Toda obra literaria contribuye a
la construcción de la identidad, pero determinados autores expresan
directamente cuál es su concepción del ser argentino. Así José Hernández, en
1872 escribía el famoso “Martín Fierro”, ícono de la literatura gauchesca,
adoptada como propia por el pueblo rioplatense y calificada como notablemente
popular. María Teresa Bella y Jordi Estrada introdujeron la edición del año
1960 y la definieron como la “máxima expresión literaria del ser nacional
argentino”. Allí detallaron las enormes distancias y lejanías que
caracterizaban al territorio nacional y al gaucho como el “tipo humano
característico de estos paisajes en el siglo XIX”.
Por otro lado, Hernández advierte
que el gaucho, como tal, está destinado a desaparecer en la sociedad argentina
de fines del siglo XIX, aunque no de manera total, porque este personaje real,
a pesar de sus defectos, representa la creación de la Nación Argentina:
"ese tipo original de nuestras pampas, [...] al paso que avanzan las
conquistas de la civilización, va perdiéndose casi por completo".

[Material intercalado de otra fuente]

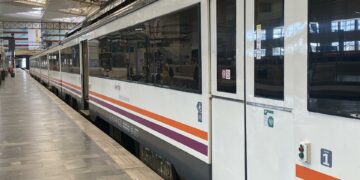 Interrumpida la media distancia con Cádiz y Málaga desde Sevilla por el descarrilamiento de una máquina de mantenimiento
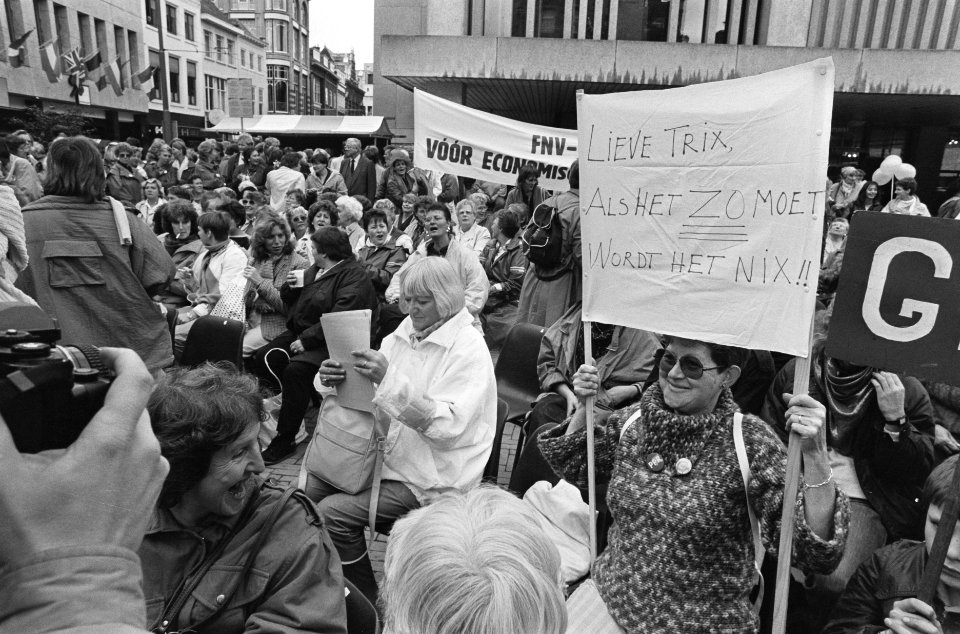 Prinsjesdag 1986 demonstrerende vrouwen met tekst Lieve Trix als het zo moet , Bestanddeelnr 933-7615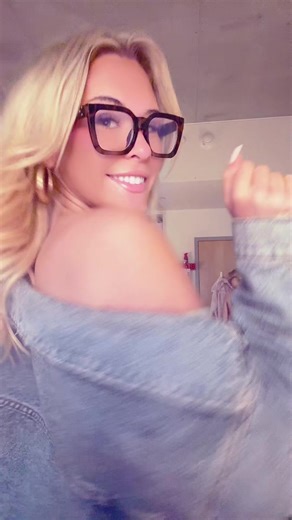 Oh hey birthday #birthday #nineteen #19 #cakesandcandles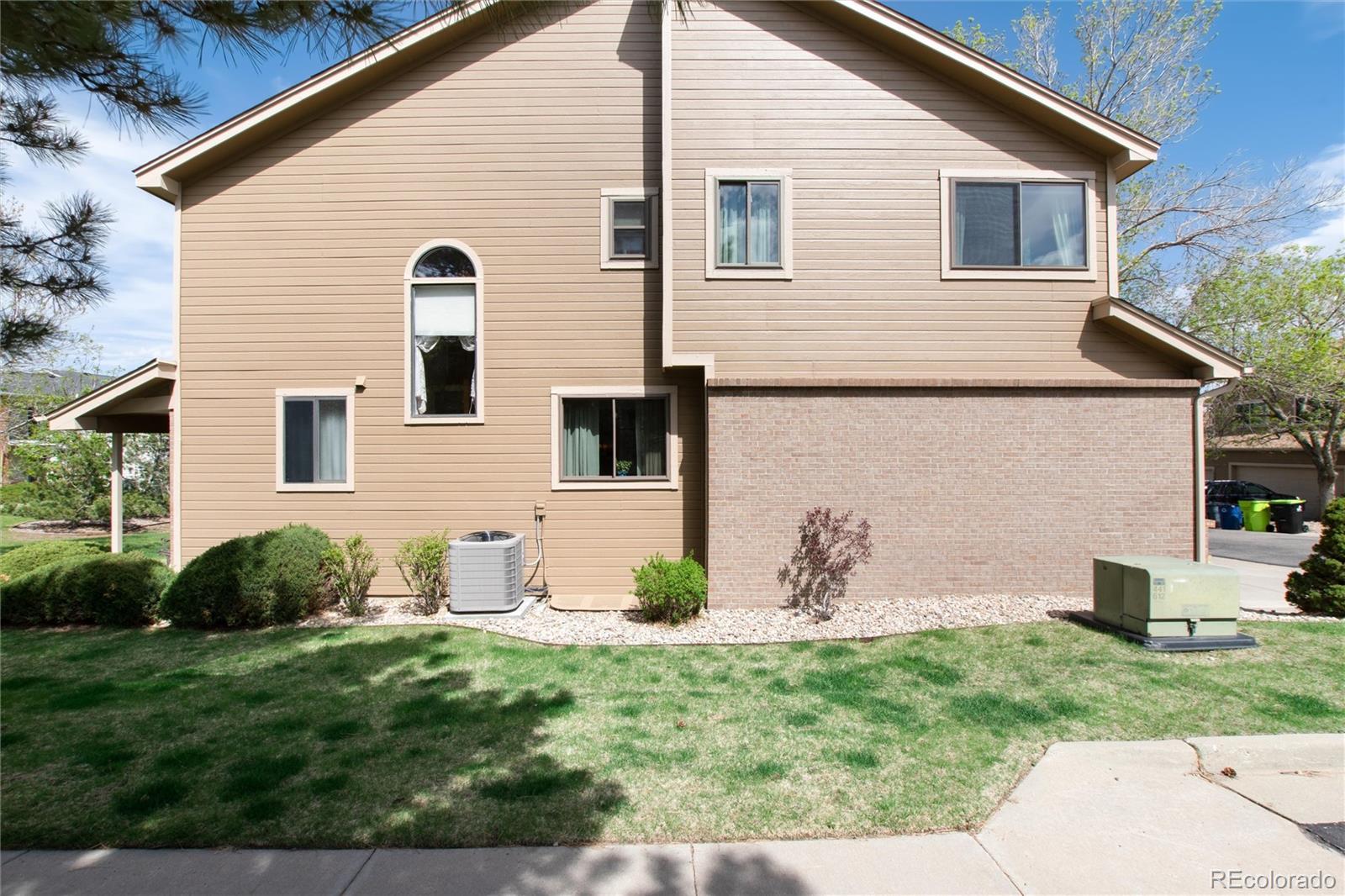 1699 S Deframe Street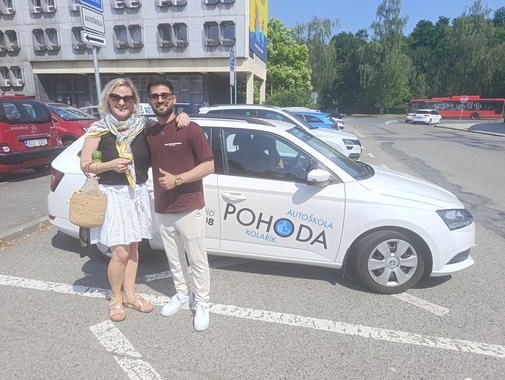 Tlumočení závěrečné zkoušky k získání řidičského oprávnění skupiny B ve Valašském Meziříčí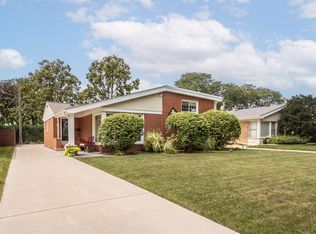 1116 Forest Rd, La Grange Park, IL 60526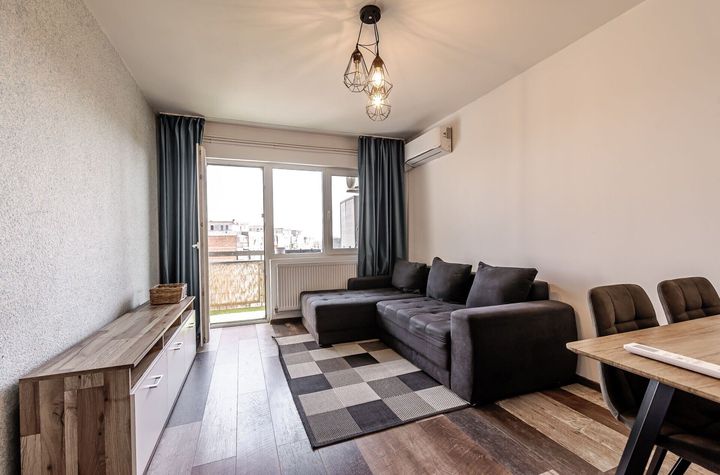 Apartament decomandat 3 camere - Vlaicu - Complet Renovat - COMISION 0 anunturi imobiliare Arad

En la actualidad, el gaucho es
visto como la máxima expresión de la argentinidad, pero en la época que
describe José Hernández, éste era denigrado, discriminado, esclavizado, tomado
como un borracho y vago, como el último escalón de la sociedad. Esto da cuenta
de cómo se va transformando la concepción del ser argentino a través del tiempo
y de la necesidad de la historicidad en la construcción de la identidad. En
“Decí que el Carozo es un tipo de recursos” deja de lado esta historicidad y
toma como elementos fundamentales al fútbol, las reuniones entre amigos y la
vida de barrio. Así como la identidad nacional se fue forjando a través de
luchas entre clases, revoluciones y crisis, el cuento revaloriza la amistad
como valor indiscutido en esta construcción.
Roberto Fontanarrosa, autor
contemporáneo, contribuye a la construcción de la identidad a lo largo de todas
sus obras, mostrando implícita o explícitamente, actitudes, costumbres,
personajes y descripciones característicos de nuestro país. Un claro ejemplo es
el cuento “El mundo ha vivido equivocado, publicado en el año 1982.
Relata una conversación entre dos
amigos que fantasean cómo sería su día perfecto. La clave del mismo son los
lujos y las mujeres: debería transcurrir en un hotel 5 estrellas de una isla
del Caribe, con catamaranes, pianistas negros y tragos extravagantes y hasta
expresan que si “tenés guita, qué más querés”, “no como acá”. Fantasean con una
mujer europea, que fuma cigarrillos marca Gitanes, es rubia, “es una mina de
ésas de James Bond, de ésas bien de las películas. Un aparato infernal.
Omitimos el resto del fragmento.